Być może zastanawialiście się, dlaczego przy przepisach umieszczanych na W&H pojawia się mały przycisk z napisem "zapisz w Listonic". Jest to odnośnik do platformy Listonic, która pozwala na tworzenie list zakupowych. Ich darmowa aplikacja na telefony od dwóch miesięcy codziennie ułatwia mi zakupy.
Kolejna aplikacja... tak, istnieje teoria, według której każda życiowa czynność ma swój odpowiednik w formie apki. Ta akurat jest o tyle fajna, że jedno kliknięcie przy przepisie wysyła listę zakupową prosto na Wasz telefon.
Nie ma zapominalstwa.
Nie ma wymówek!
A stan braku wymówek to stan, który trzeba pielęgnować i chronić! To stan, który umożliwia działanie bez przeszkód. I gotowanie bez nieprzyjemnych niespodzianek w postaci braku składników i dodatkowych wycieczek do sklepu o różnych dziwnych porach.
Kupowanie według określonej listy ma także inną zaletę - zmniejsza prawdopodobieństwo zakupu słodyczy, słonych przekąsek i innych niezdrowych produktów, których nie powinniśmy wkładać do koszyka. Trzymając się listy jest nam łatwiej ich unikać, a przez to trzymać określoną dietę.
FYI, nie mam żadnych kontaktów z twórcą aplikacji. Edi (dość często Cię tu wspominam, współlokatorko moja kochana) podsunęła mi ją któregoś dnia, a później odkryłam możliwość pobierania i dzielenia się przepisami.
Listonic ma szereg innych możliwości, takich jak współtworzenie listy. Wszyscy domownicy mogą dodawać brakujące produkty na jedną listę. W ten sposób osoba będąca akurat w sklepie kupi wszystko za jednym zamachem.

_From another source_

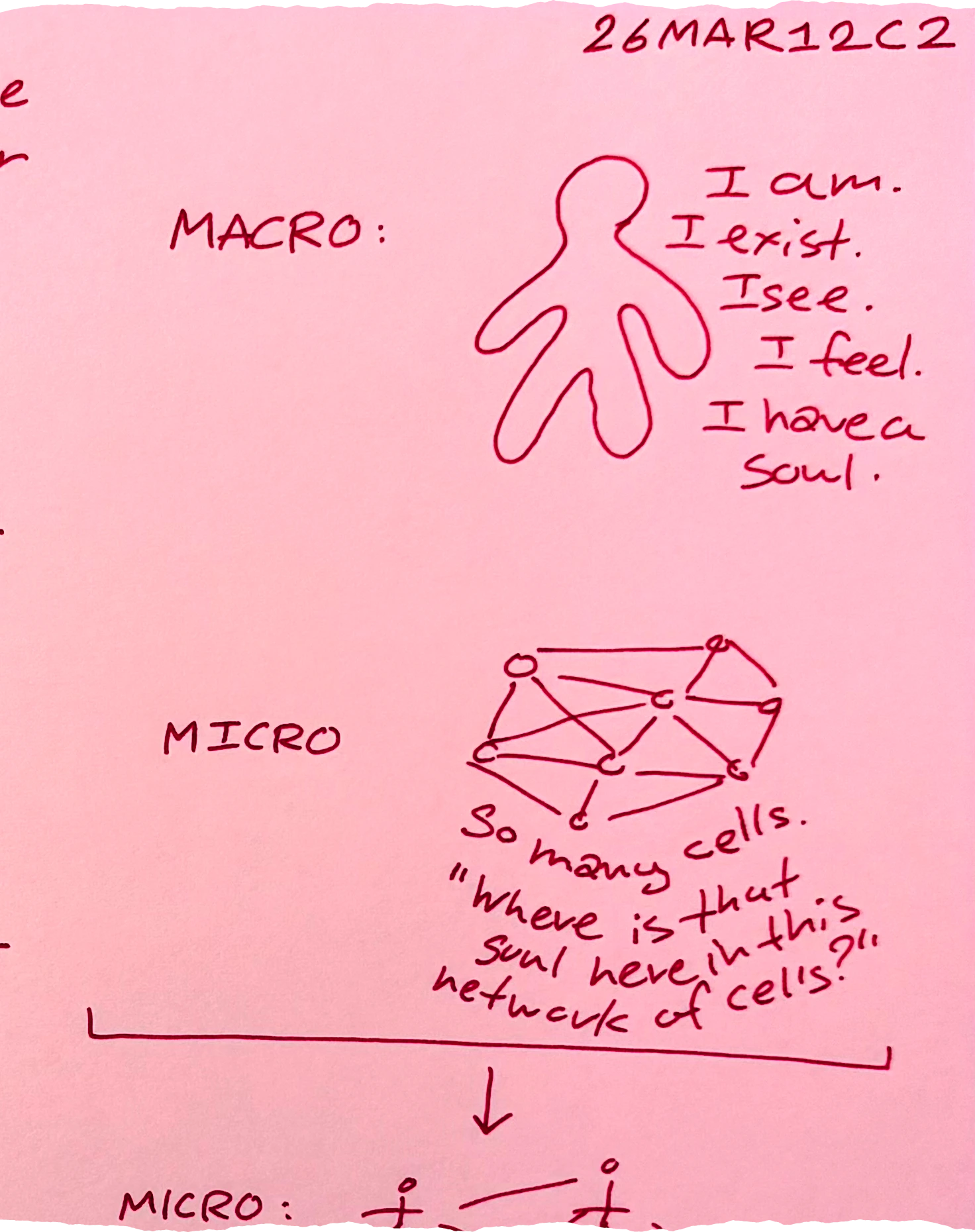 MACRO: A person thinking: I am, I exists, I see, I feel, I have a soul. MICRO: A network of cells with a description: So many cells. Where is that soul here in this network of cells?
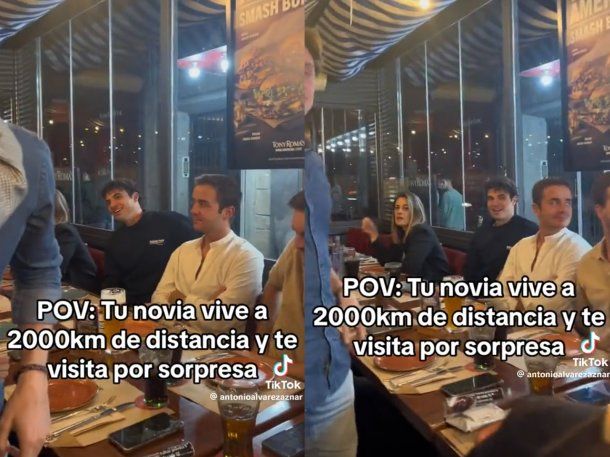 Su novia a la distancia lo visita de sorpresa y su reacción es viral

Aha, gratka dla oszczędnych - dzięki współpracy z kilkunastoma największymi marketami spożywczymi, Listonic ma dostęp do aktualnych promocji. Można więc udać się tam, gdzie ceny za określone produkty są najkorzystniejsze dla danego koszyka zakupów. Kolejny plus za intuicyjność obsługi, za to mały minus za trudne dodawanie ilości danego produktu w innej mierze niż sztuki.
Interfejs Listonica na iPhone |
Zachęcam Was serdecznie do pobrania tej apki. Wystarczy tylko kliknąć w przycisk przy liście składników w danym przepisie, żeby na Waszym telefonie pojawił się spis potrzebnych produktów. Idąc po sklepie odhaczacie je jeden po drugim. Kupujecie tyle, ile potrzebujecie - nie za dużo ani za mało - za tyle, ile chcecie.
Mam nadzieję, że zachęciłam Was do korzystania z Listonica i że ułatwi Wam ona korzystanie z zamieszczanych tu przepisów. Dajcie znać, czy aplikacja Wam działa i pytajcie w razie problemów, postaram się je wszystkie rozwiązać! A może znacie inne, lepsze aplikacje o podobnym zastosowaniu?